WHAT YOU NEED TO DO: Retype the listing exactly, minus its pictures.

GIVEN DATA:
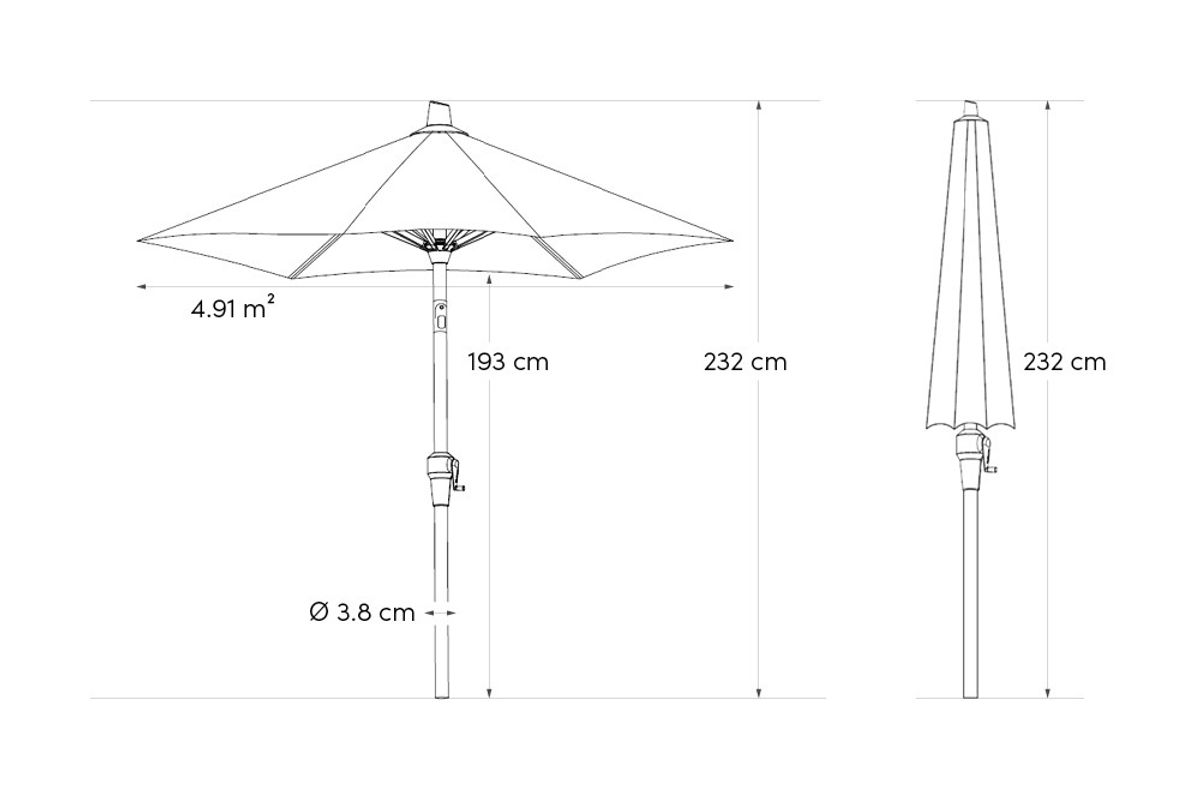 Platinum Riva parasoll Ø250 cm m/sveiv - lys grå
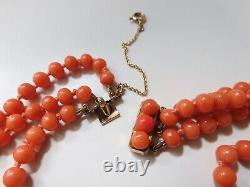 Antique Victorian Three Strand Salmon Coral Necklace 18 Inches 57.5 Grams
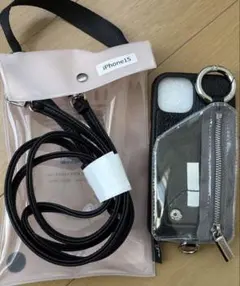 iPhone 15用 ブラックレザー風ケース ストラップ付き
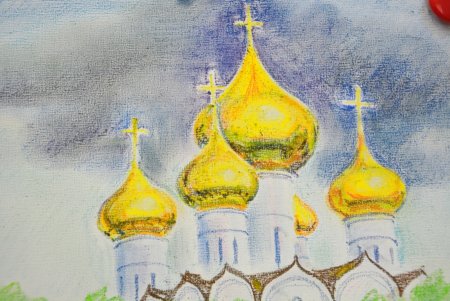 Детский рисунок церкви карандашом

YOUR SOLUTION:
 Platinum Riva parasoll Ø250 cm m/sveiv - lys grå
 Antique Victorian Three Strand Salmon Coral Necklace 18 Inches 57.5 Grams
 iPhone 15用 ブラックレザー風ケース ストラップ付き
 Детский рисунок церкви карандашом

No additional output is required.